Если всего в выборке сохранение целостности страны посчитали наиболее важной задачей 13,4 % респондентов, то в группе с гражданской идентификацией — 19,0 %. Зато в этой группе оказалось куда меньше тех, кто отдал предпочтение праву народов на самоопределение: всего 6,8 % против 11,3 % в масштабах всей выборки. Более того, «граждане» дали более половины (52 %) всех вообще голосов, поданных в поддержку принципа территориальной целостности. А вот среди тех, кто полагает приоритетным принцип самоопределения, их оказалось лишь 22,2 %.

Напротив, больше всего сторонников этого принципа обеспечила

группа с преимущественно этнической самоидентификацией — 39,6 % от общего числа респондентов, высказавшихся в его пользу. В пределах самой группы такой выбор сделали 19,8 % (в пределах всей выборки — только 11,3 %). Зато принцип целостности страны был в этой группе значительно менее популярен, чем среди респондентов в целом: в ней он собрал лишь 6,8 % предпочтений.

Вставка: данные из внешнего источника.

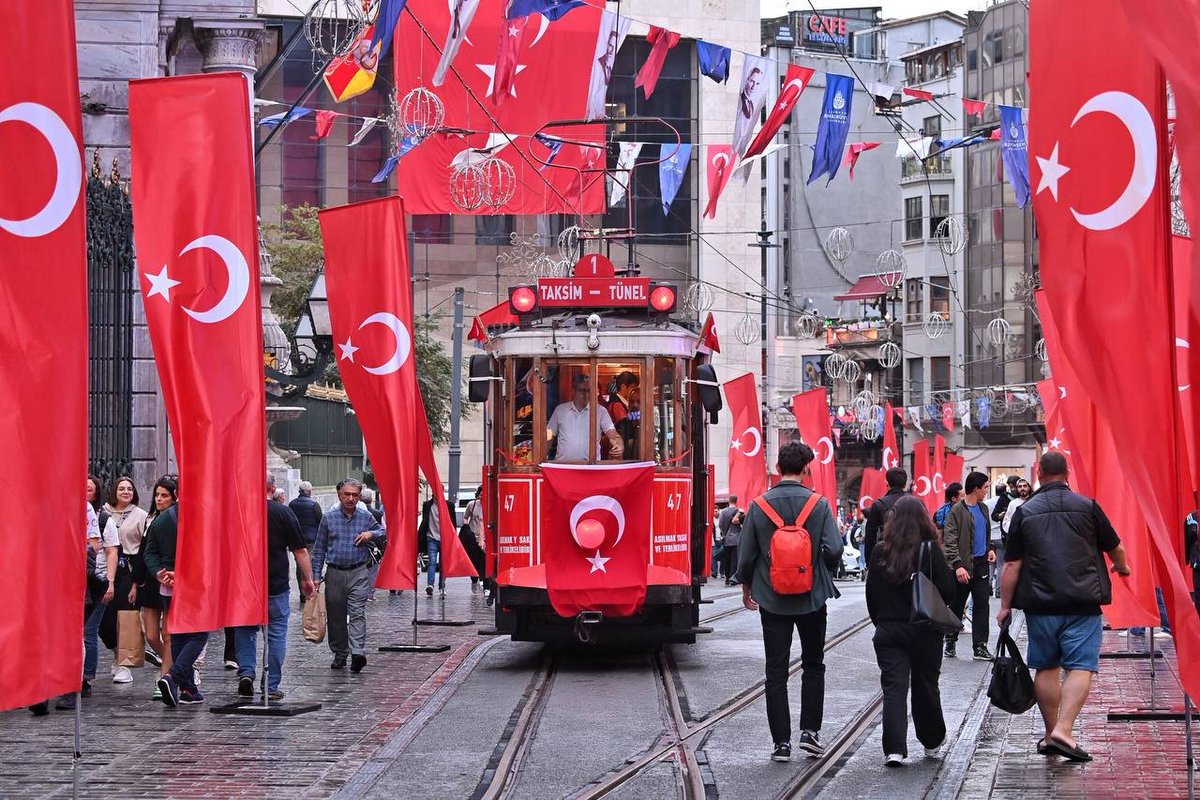 İstiklal Caddesi Türk bayraklarıyla süslendi.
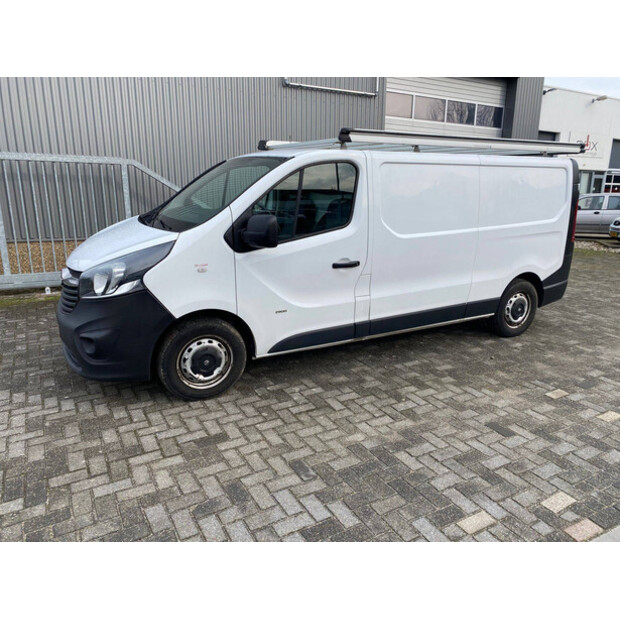2015 أوبل VIVARO-B-45737715
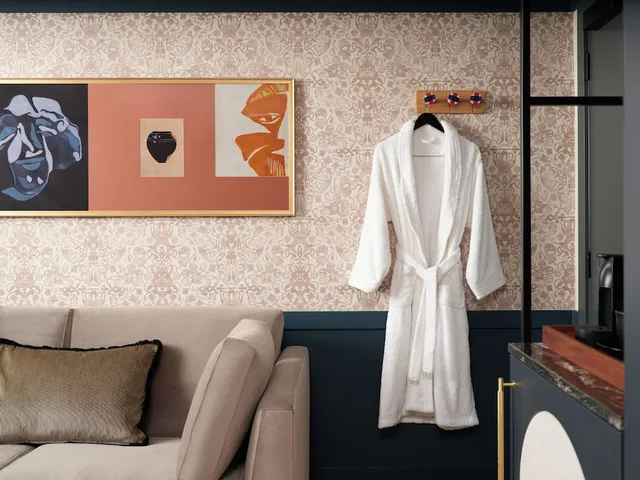 غرفة بريميوم بسرير كينج، Hotel Indigo Gloucester - The Forum by IHG 4/6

Молодых людей с поколенческой идентификацией слабо волновали принципы целостности и самоопределения (всего по 8,9% предпочтений). Отсутствие военных конфликтов, нарушающих спокойное течение жизни и грозящих потерей безопасности и самой жизни из-за чуждых идеалов и принципов, — вот что было для них главным. Если всего по выборке приоритет мира и стабильности признали 67 % респондентов, то в группе с поколенческой идентификацией — 73,1 %. Выбор в пользу мира сделало абсолютное большинство и в двух других крупных группах. И все же влияние различий в идентификации сказалось и тут: среди респондентов с гражданской идентичностью отсутствие военных конфликтов посчитали главным 67,8 %, среди респондентов с этнической — 58,7 %.

Национализм или безопасность? Выбор молодых

Как и во всем постсоветском пространстве, в России и Казахстане понятие «национальное» часто употребляется тогда, когда следовало бы сказать «этническое». Это означает, что когда кто-то печется о национальном достоинстве, почти наверняка он (она) имеет в виду достоинство своей этнической группы. Понимаемое таким образом национальное достоинство связывает воедино другие составляющие этнокультурной безопасности на индивидуальном и групповом уровне. Поэтому его противопоставление личной безопасности не совсем корректно. Тем не менее одно из ключевых мест в анкете занял вопрос: «Что для вас важнее — личная безопасность или национальное достоинство?» Ибо он позволял получить ответы, показывающие, соперничают ли групповые националистические ценности с представлениями о минимальной личной безопасности и не могут ли эти представления способствовать политической мобилизации молодежи национализмом.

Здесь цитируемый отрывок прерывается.